On the day of his retirement, let's do that once more.
Because Duncan signaled the last of an era, a rare player who was both undeniably special but also opted to stay in college for four years when he could've easily left and been a No. 1 draft pick after his sophomore or junior season. There have been other tremendous four-year college players in the 19 years since Duncan left Wake Forest, but No. 21 did it right as the high school-to-NBA fad was blooming and soon to dominate the league's draft cycle for the next decade.
Duncan was the last four-year star at a major conference to be taken No. 1 in the NBA Draft. (Kenyon Martin is the only player since to play four years of college and go No. 1, but he was not a national college star until the end of his junior season at best, whereas Duncan was in the conversation to be a No. 1 pick by the time he played 50 college games.)

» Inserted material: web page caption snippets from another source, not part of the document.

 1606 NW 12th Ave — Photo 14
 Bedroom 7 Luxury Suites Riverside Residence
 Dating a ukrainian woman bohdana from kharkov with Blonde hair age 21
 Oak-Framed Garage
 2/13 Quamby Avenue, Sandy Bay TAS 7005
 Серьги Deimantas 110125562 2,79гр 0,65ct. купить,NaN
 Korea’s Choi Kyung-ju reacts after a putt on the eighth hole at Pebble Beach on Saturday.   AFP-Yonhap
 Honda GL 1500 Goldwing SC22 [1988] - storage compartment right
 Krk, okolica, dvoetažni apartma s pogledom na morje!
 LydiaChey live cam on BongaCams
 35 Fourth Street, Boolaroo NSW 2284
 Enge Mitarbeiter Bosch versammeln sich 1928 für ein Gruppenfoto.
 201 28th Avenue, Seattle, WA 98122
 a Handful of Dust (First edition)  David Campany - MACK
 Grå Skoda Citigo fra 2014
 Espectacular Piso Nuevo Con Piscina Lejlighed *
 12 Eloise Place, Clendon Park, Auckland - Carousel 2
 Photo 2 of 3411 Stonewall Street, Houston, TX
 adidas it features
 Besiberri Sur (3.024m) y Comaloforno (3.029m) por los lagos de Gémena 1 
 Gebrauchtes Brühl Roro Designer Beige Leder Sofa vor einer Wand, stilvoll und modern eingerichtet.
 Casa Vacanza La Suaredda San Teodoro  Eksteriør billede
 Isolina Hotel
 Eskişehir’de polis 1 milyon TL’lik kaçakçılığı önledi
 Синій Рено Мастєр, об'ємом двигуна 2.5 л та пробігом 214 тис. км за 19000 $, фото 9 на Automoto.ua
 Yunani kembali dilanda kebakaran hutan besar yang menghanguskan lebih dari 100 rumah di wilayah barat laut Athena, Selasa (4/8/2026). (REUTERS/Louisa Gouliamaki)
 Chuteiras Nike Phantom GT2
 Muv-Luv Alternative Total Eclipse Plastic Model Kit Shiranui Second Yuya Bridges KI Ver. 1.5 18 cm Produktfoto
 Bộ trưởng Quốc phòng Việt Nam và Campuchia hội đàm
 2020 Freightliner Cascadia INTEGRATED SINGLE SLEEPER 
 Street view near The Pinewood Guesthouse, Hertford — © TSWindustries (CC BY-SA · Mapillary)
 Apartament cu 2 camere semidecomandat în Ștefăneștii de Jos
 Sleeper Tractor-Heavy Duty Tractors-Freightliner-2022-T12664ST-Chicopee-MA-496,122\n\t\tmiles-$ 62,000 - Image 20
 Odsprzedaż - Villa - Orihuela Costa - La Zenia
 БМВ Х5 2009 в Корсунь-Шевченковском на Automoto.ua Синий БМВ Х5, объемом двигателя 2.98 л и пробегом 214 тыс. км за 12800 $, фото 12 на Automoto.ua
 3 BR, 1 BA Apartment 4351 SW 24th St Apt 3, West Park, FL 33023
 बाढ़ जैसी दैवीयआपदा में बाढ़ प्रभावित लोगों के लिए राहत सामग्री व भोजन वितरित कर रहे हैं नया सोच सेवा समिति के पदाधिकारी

Duncan was a two-time ACC Player of the Year and a three-time All-American. He swept all six major, national player-of-the-year honors in his senior season of 1996-97. He won back-to-back ACC titles with Wake in 1995 and 1996. Those league titles were the first the program won since the 1960s. Wake Forest reached the NCAA Tournament every season he was there; the Demon Deacons reached the Sweet 16 when Duncan was a sophomore and the Elite Eight when he was a junior. Duncan won 97 games while at Wake -- the most of any player in program history -- back when teams played 25 or 26 regular season games, not the 30 or 31 scheduled these days.